[MD] patterns of interaction

MarshaV valkyr at att.net
Mon Jan 30 04:59:45 PST 2012


In mental process, the effects of differences are to be regarded as transforms of the difference which preceded them... [D]ifferences... and their trains of effects in promoting other differences become material of information, redundancy, pattern, and so on. — Bateson, Mind and Nature 

"How then can there be causality without agents? And, more specifically, how is it that our sense-faculties came to be receptive to the particular types of stimuli that impinge upon them, which together give rise to our world of experience? Our capacities for such awareness of distinctions did not arise uncaused, nor are they without their own consequences.
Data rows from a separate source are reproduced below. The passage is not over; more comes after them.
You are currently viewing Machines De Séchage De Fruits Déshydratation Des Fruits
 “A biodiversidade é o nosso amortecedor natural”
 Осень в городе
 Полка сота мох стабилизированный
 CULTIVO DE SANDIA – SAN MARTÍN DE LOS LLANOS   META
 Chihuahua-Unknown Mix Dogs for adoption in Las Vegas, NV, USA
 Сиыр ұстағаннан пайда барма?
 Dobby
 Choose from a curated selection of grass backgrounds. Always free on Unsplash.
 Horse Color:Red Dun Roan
They developed in dependence upon previous kinds of experience and in turn condition the kinds of experience, the kinds of cognitive awareness, that may arise in the future. The momentary arising of the discernment of differences is thus part of a larger feedback cycle in which "the effects of differences are to be regarded as transforms of the difference which preceded them." These two notions—circular causality, in the form of recursive feedback processes, and epigenesis, wherein the results of previous events serve as the basis for succeeding ones—comprise another area where Buddhist philosophy has much in common with scientific models of causality, particularly those of cognitive science and evolutionary biology. In both perspectives, these models turn our attention away from independent acts of isolated entities and toward particular patterns of interaction that give rise both to immediate forms of cognitive awareness and, in the long run, to the living forms we all embody. That is, this circular causality operates at both micro and macro levels."


      (http://www.gampoabbey.org/documents/Buddhist-Steps.pdf)  



Marsha:
This is a really great paper addressing cognitive experience.  I will not post another quote, but I sincerely hope you read it.